В июне 1945 года Академия наук СССР торжественно отмечала свое 220-летие, и на празднование юбилея было приглашено больше ста иностранных ученых. Во время юбилейной сессии зарубежные друзья Вавилова узнали основные факты о его судьбе. На юбилейных заседаниях присутствовал младший брат Николая Вавилова, академик Сергей Вавилов, тоже широко известный ученый, но в области света, флюоресценции и оптики. Лысенко на заседания юбилейной сессии АН СССР не ходил. Президент АН СССР ботаник В. Л. Комаров был очень стар, и на 17 июля 1945 года были назначены выборы нового президента академии. Как известно, на этот пост был избран Сергей Вавилов, младший брат погибшего генетика. Это избрание С. И. Вавилова президентом АН СССР было воспринято с большим энтузиазмом. Оно рассматривалось как указание на то, что с гонениями на генетику и с репрессиями вообще будет покончено. Для Лысенко избрание С. И. Вавилова на главный научный пост в стране было большим ударом. В Академии наук позиции Лысенко и без этого были очень слабы. Его противники и в Академии, и в университетах теперь развернули новую дискуссию, которая, расширяясь, захватила и некоторые сельскохозяйственные институты. Выступление Юрия Жданова в апреле 1948 года было частью этого процесса, угрожавшего существованию всей «мичуринской биологии».

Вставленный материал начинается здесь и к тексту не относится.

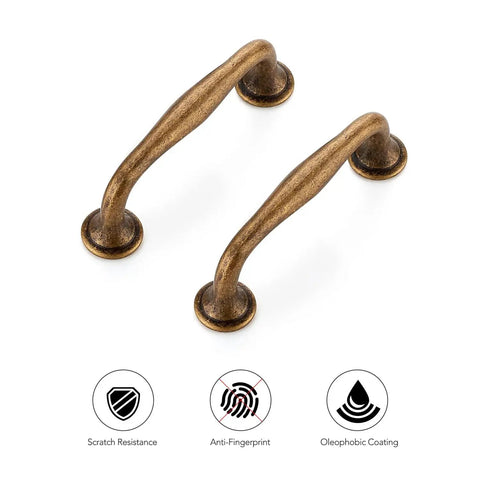 Antique Brass 3 Inch Cabinet Handles Set Of 5 In Solid Zinc Alloy For Kitchen Cabinets And Drawers with smooth edges and secure fit shown in detail.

Между тем избрание С. И. Вавилова президентом АН СССР совсем не было указанием на легализацию генетики и конец репрессий. Все понимали, что окончательный выбор из возможных кандидатов на пост президента АН СССР принадлежал Сталину. Это подтверждают и недавно опубликованные архивные документы[232]
. Выбрав именно С. И. Вавилова из списка 22 возможных кандидатов на этот пост (с характеристикой на каждого, составленной Наркоматом государственной безопасности — НКГБ), отправленного в Кремль 7 июля 1945 года, Сталин прежде всего хотел показать, что лично он к аресту Н. И. Вавилова не имеет никакого отношения. Он отводил от себя вину за гибель великого ученого, огромный международный престиж которого стал ясен ему только сейчас. Характеристика Сергея Вавилова, составленная в НКГБ, не давала Сталину других поводов для отвода, кроме арестованного и погибшего в тюрьме брата, НКГБ констатировал, что Сергей Вавилов «политически настроен лояльно». Отмечался также его огромный научный авторитет и организаторские способности. «В обращении прост, в быту скромен», — добавляли авторы характеристики, подписанной начальником 2-го Управления НКГБ генерал-лейтенантом Н. Ф. Федотовым. Копии этих характеристик были посланы также Молотову и Маленкову. Другим крупным ученым, возможным кандидатам на пост президента АН СССР, не столь повезло в оценке их личных качеств Наркоматом госбезопасности. Вице-президент АН Иван Бардин «в быту с учеными не общается вследствие чрезмерной жадности его жены». Академик Александр Заварицкий «по характеру сварлив, ведет замкнутый образ жизни». Академик-математик Иван Виноградов «нелюдим, не эрудирован в других областях наук… холостяк, употребляет в значительных дозах алкоголь». Даже Игорь Курчатов, любимец Сталина, был не без греха: «По характеру человек скрытный, осторожный, хитрый и большой дипломат». Но в секретных атомных проектах эти недостатки становились, конечно, добродетелью.Государственная псевдонаука
Лето 1948 года я, тогда еще студент ТСХА, проводил в Крыму, выполняя в Никитском ботаническом саду возле Ялты дипломную научную работу. За сессией ВАСХНИЛ я следил по публикациям в «Правде». Я был рад увидеть, что мой научный руководитель академик ВАСХНИЛ Петр Михайлович Жуковский, заведовавший тогда кафедрой ботаники в ТСХА, выступил 3 августа с очень яркой и ироничной речью, критиковавшей основные теории Лысенко. Но на заключительном заседании сессии, после сообщения Лысенко о том, что его доклад одобрен ЦК ВКП(б), Жуковский выступил с покаяниями и самокритикой. Организаторам сессии нужны были не только побежденные, но и раскаявшиеся, признавшие свои ошибки. В середине августа П. М. Жуковский приехал в Никитский ботанический сад, где он руководил некоторыми проектами, чтобы отдохнуть от всего пережитого. «Я заключил с Лысенко „Брестский мир“», — сказал он мне сразу, как только мы остались наедине.